Recorded information below:
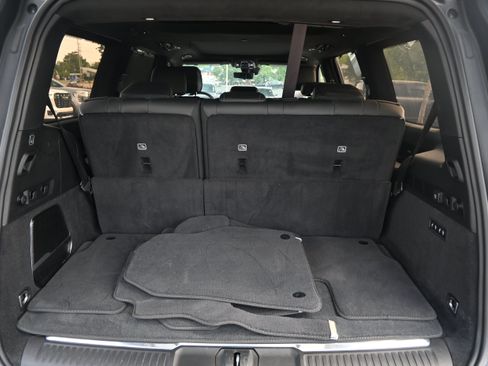 Used 2022 Jeep Grand Wagoneer Series II AWD/4WD image 35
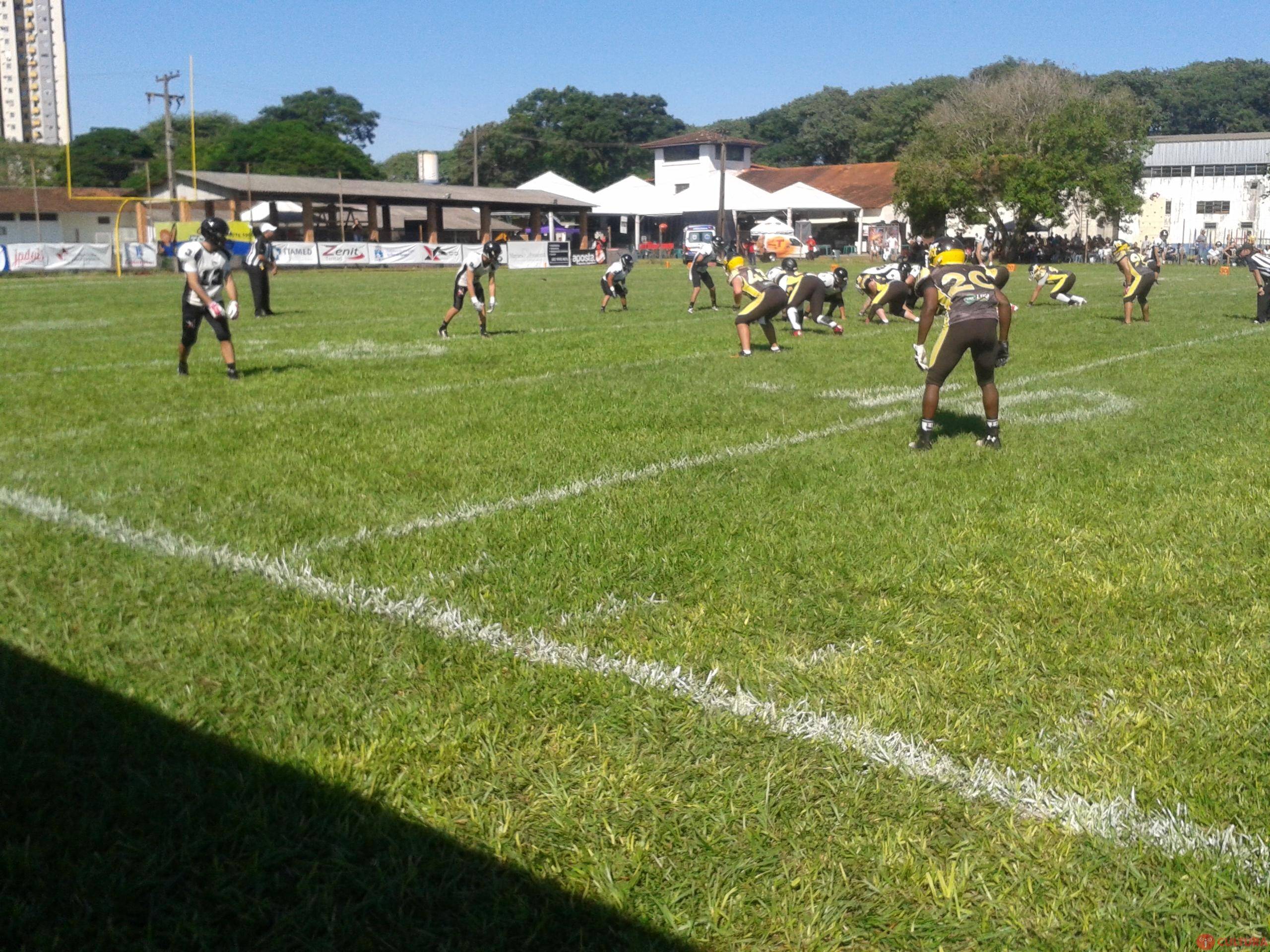 Black Sharks perde último jogo da temporada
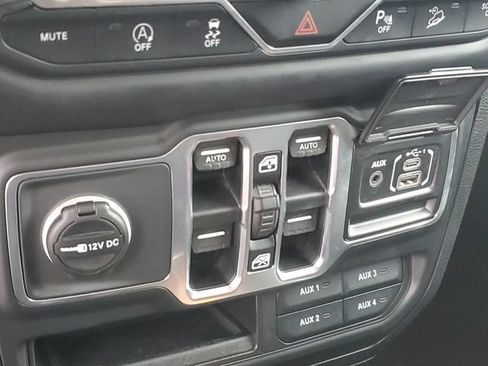 Used 2018 Jeep Wrangler Unlimited Sport S AWD/4WD image 24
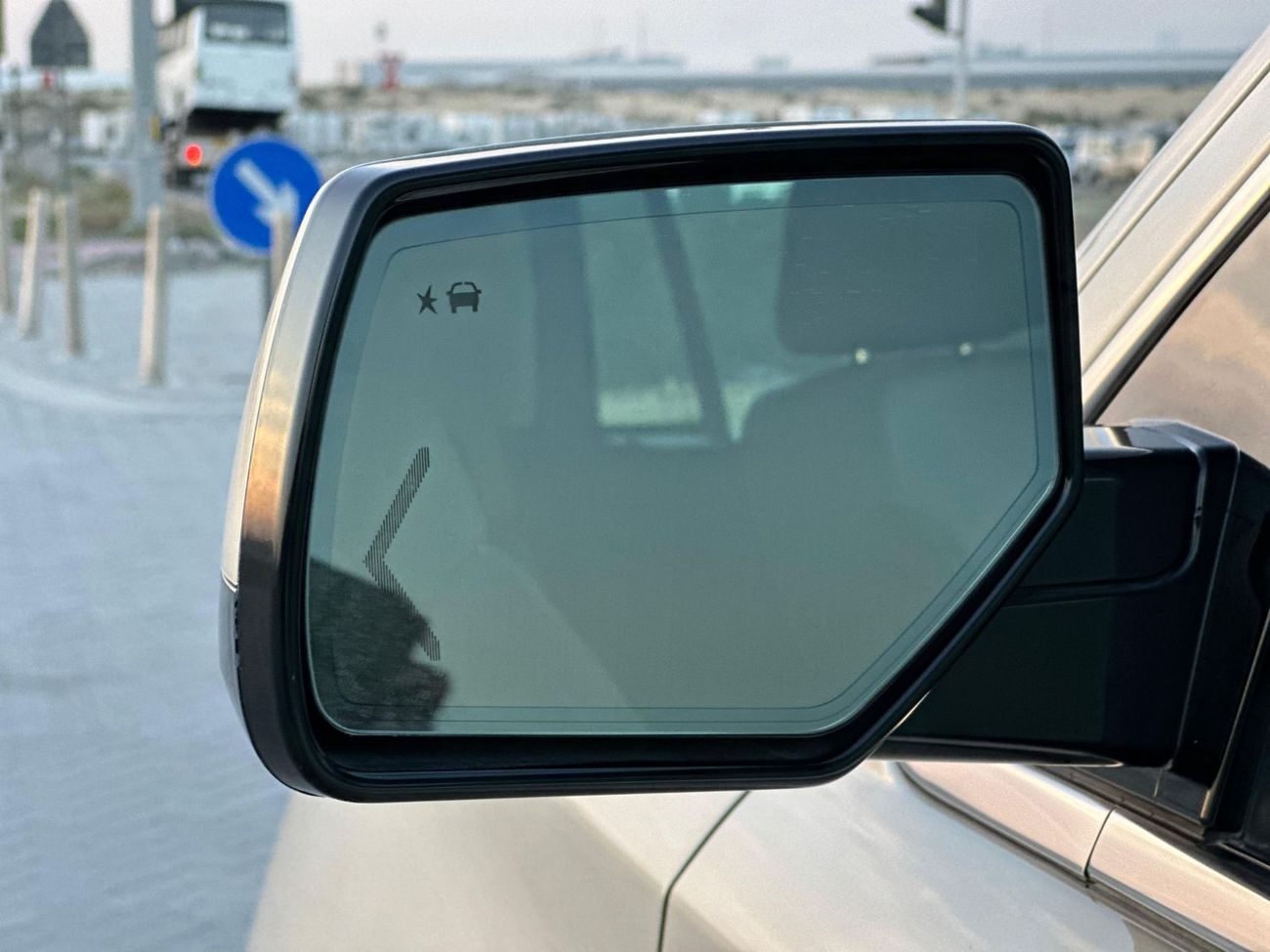 GMC Yukon Denali 6.2L (8 Seater)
End of Recorded information.
-- Task --
Word for word, repeat the lines of data above, omitting every picture.

-- Answer to the exercise --
 Used 2022 Jeep Grand Wagoneer Series II AWD/4WD image 35
 Black Sharks perde último jogo da temporada
 Used 2018 Jeep Wrangler Unlimited Sport S AWD/4WD image 24
 GMC Yukon Denali 6.2L (8 Seater)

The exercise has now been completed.